Стоя в аэропорту, Гайтнер, конечно, чувствовал себя опустошенным, в основном потому, что его водитель не появился. «Может, просто взять такси?» – спросил Митчелл.
Гайтнер – возможно, второй по значимости банкир в стране после Бернанке – встал в очередь из двадцати человек.
Похлопав по карманам, он растерянно посмотрел на Митчелла: «У вас есть наличные?»
* * *
Если бы несколько месяцев назад жизнь Тима Гайтнера просто приняла немного другой оборот, он мог быть генеральным директором Citigroup, а не его регулятором.

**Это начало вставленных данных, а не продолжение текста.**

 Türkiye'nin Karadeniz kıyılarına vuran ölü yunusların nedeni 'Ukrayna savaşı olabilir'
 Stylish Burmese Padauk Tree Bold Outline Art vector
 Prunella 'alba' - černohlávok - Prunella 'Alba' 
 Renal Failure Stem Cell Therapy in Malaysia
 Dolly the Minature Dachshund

6 ноября 2007 года, когда кредитный кризис только начинал наносить удары, Сэнфорд «Сэнди» Вейл, создатель империи Citigroup и один из крупнейших ее частных акционеров, запланировал звонок Гайтнеру на 15:30. Двумя днями ранее, после объявления о рекордных убытках[123], главный исполнительный директор Citi Чарльз О. Принц III был вынужден уйти в отставку. Вейл, рубаха-парень старой школы, который был известен тем, что распознал и воспитал талант молодого Джейми Даймона, хотел поговорить с Гайтнером о членстве в совете директоров. «Что вы думаете о том, чтобы заняться управлением Citi?» – спросил Вейл.

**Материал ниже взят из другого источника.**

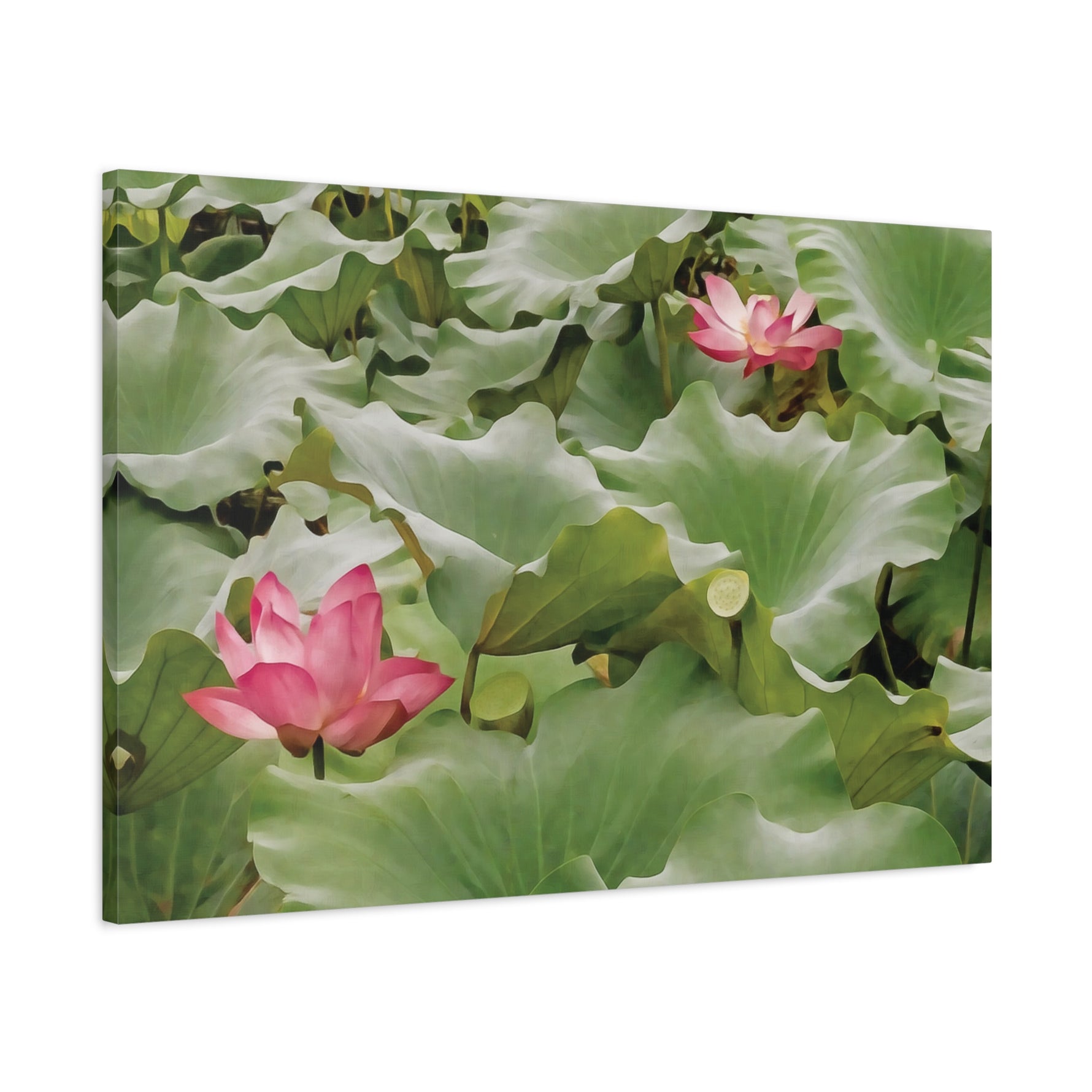 Stretched Matte Canvas - Flower of Lotus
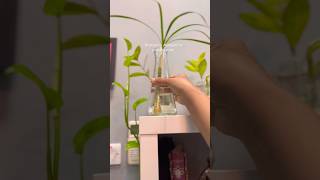 How to propagate Dracaena Marginata water propagation of dracaena marginatapropagation dracaena [upl. by Kutzer]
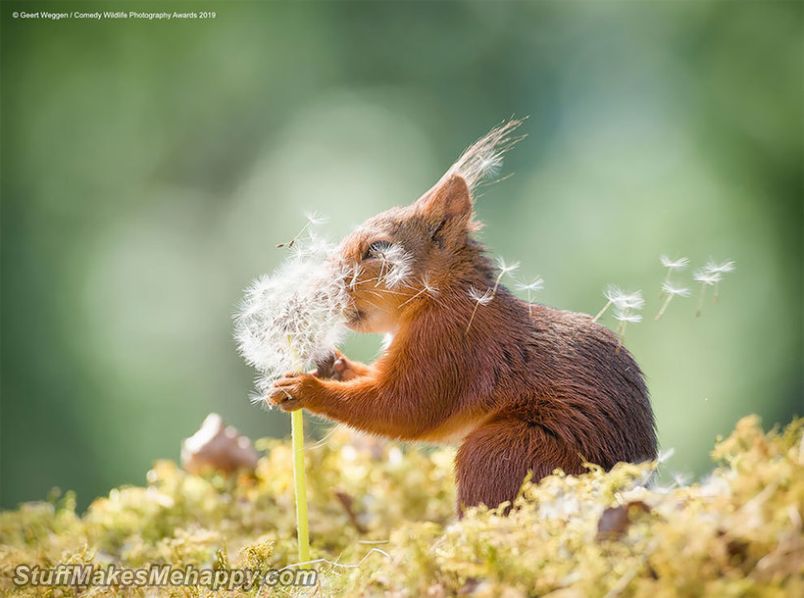 Comedy Wildlife Photography Awards 2019 Contest Winners - Funny Animal Pictures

Гайтнер, уже четыре года работавший президентом Федерального резервного банка Нью-Йорка, был заинтригован, но моментально осознал конфликт интересов. «Я не подхожу»,[124] – почти автоматически ответил он.
Всю следующую неделю он не мог думать ни о чем другом, кроме этой работы, связанных с ней денег и обязанностей. Он обсуждал проблему с женой Кэрол, он думал о предложении, выгуливая собаку по кличке Адоб по Ларчмонту, богатому пригороду в часе езды от Нью-Йорка. По большому счету все было хорошо: он зарабатывал 398 200 долларов в год[125] – огромная сумма для регулятора, но по сравнению с соседями по Мейпл-Хилл-драйв это была средненькая зарплата. Его привычки стоили не так дорого, за исключением ежемесячной стрижки за 80 долларов[126] в спа-салоне Gjoko, но нужно было думать о высшем образовании дочери Элизы, учащейся средней школы, и сына-восьмиклассника Бенджамина, так что деньги, безусловно, не помешали бы.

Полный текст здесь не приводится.